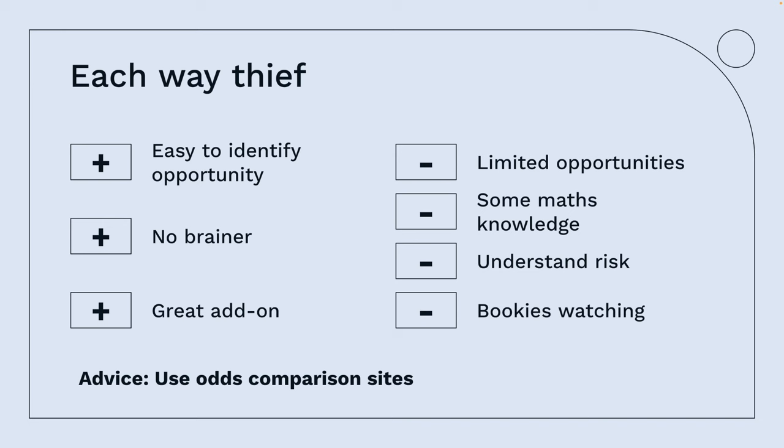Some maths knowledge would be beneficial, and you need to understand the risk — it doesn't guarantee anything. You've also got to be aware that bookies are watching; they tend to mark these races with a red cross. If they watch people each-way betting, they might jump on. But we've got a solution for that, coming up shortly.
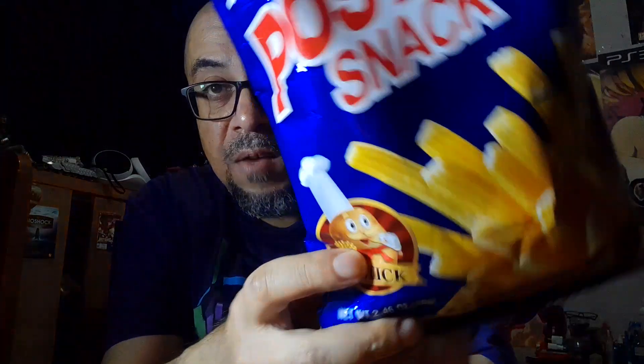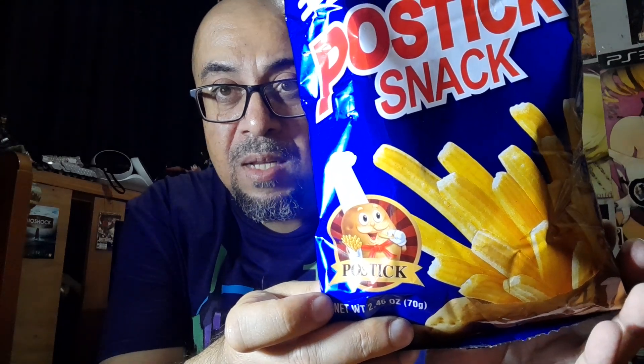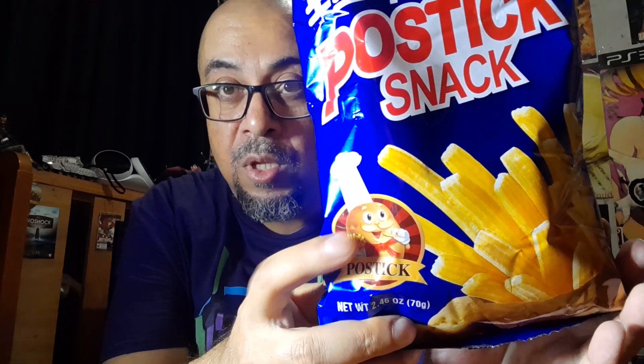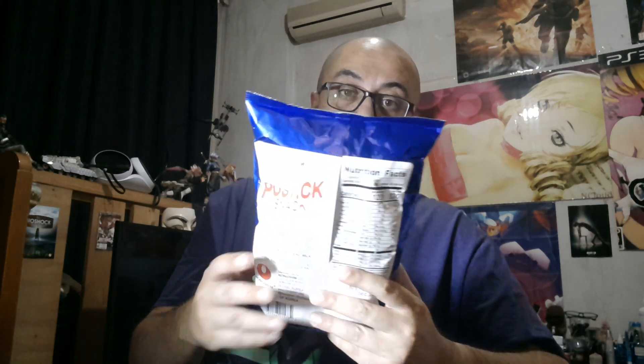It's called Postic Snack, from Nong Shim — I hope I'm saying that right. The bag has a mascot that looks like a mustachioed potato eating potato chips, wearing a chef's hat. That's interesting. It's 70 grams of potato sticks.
......
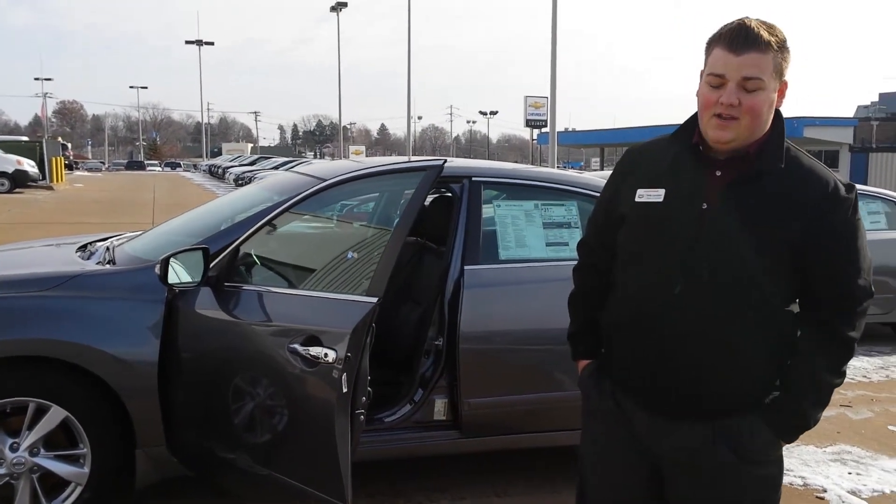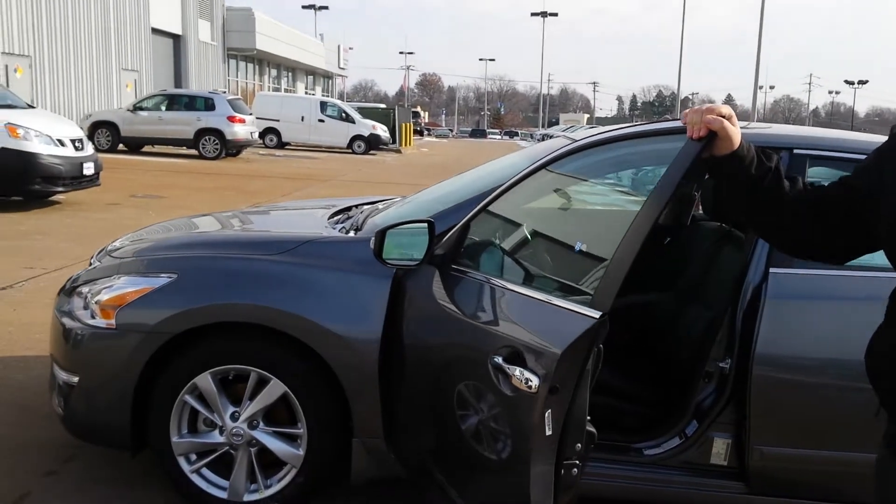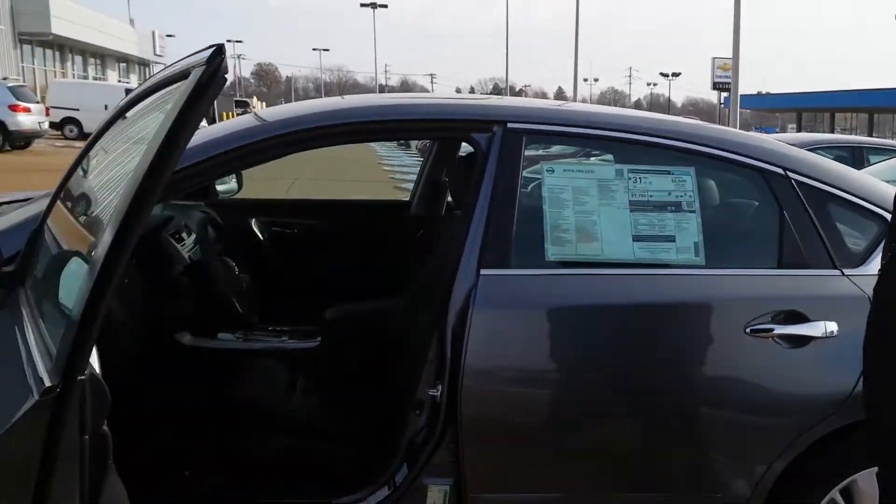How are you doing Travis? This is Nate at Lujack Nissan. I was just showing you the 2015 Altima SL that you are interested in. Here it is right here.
......
◆ **What is being asked**: A word-for-word reproduction is needed of the lines above from the line containing "Some maths knowledge" through the line containing "It's called Postic", with both ends kept and no pictures.

◆ **Response box**:
Some maths knowledge would be beneficial, and you need to understand the risk — it doesn't guarantee anything. You've also got to be aware that bookies are watching; they tend to mark these races with a red cross. If they watch people each-way betting, they might jump on. But we've got a solution for that, coming up shortly.
It's called Postic Snack, from Nong Shim — I hope I'm saying that right. The bag has a mascot that looks like a mustachioed potato eating potato chips, wearing a chef's hat. That's interesting. It's 70 grams of potato sticks.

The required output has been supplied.